Añade el historiador que este razonamiento de la situación creada por la pandemia «no es el desahogo de un pastor de la Iglesia. Es históricamente veraz. Punto de partida, como en Nietzsche, del antagonismo alma y cuerpo —es decir entre eros y agapé— que se sostuvo durante ciento cincuenta años por la vanidad intelectual que rodea al nihilismo, según Benedicto XVI». Así pues, para Ruiz-Domènec, «el humanismo retorna».
«La comprensión del pasado es lo que nos hace libres», afirma Ruiz-Domènec. Esta es una de las conclusiones de Un duelo interminable, la explicación de que haya puesto el espejo retrovisor en los últimos 150 años. Como dijo Toynbee, «la Historia es un equilibrio entre el desafío y la respuesta; cuanto mayor es el desafío, más juiciosa debe ser la respuesta». La persistencia de una batalla cultural durante el último siglo y medio plantea un dilema aún no resuelto. ¿Estamos en trance de una ruptura o una continuidad?
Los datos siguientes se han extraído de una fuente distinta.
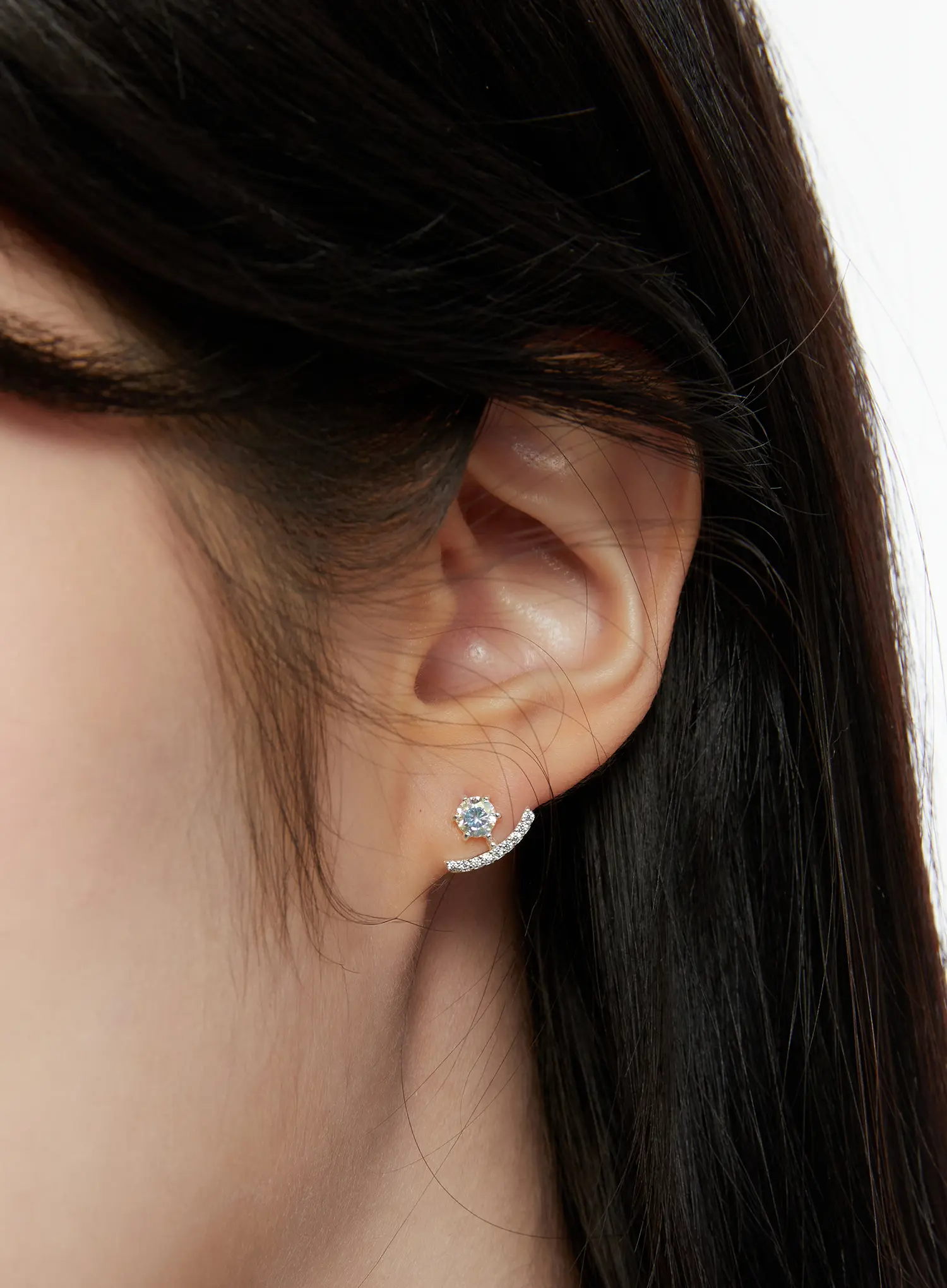 Curve Stud Earrings CD514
Y concluye el autor que la batalla cultural prosigue porque permite sentir la complejidad de la vida social. Lo importante es que no ceje el debate de las ideas, como el que sostuvieron los maestros Burckhardt y Michelet. Y es lo que hace el propio Ruiz-Domènec exponiendo las posiciones de unos y de otros, buscando una «armonía de contrarios».
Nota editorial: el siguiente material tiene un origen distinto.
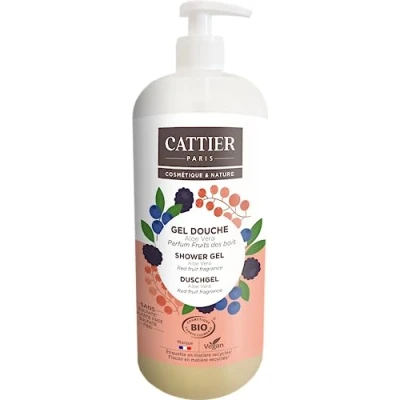 Afbeelding van Cattier Aloë Vera Douchegel Fruits des Bois Biologisch 1 L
Esa búsqueda de la armonía y la ambición de la empresa son dos de los atractivos de esta obra singular, cuya lectura constituye, para el lector adecuado, un simposio a la manera platónica. A lo que hay que añadir la ejemplar sencillez de su prosa, dentro de la complejidad del tema y de la trama. Los rasgos de humor y las expresiones coloquiales son muy de agradecer entre tanta erudición. Apasionante, pues, en fondo y forma.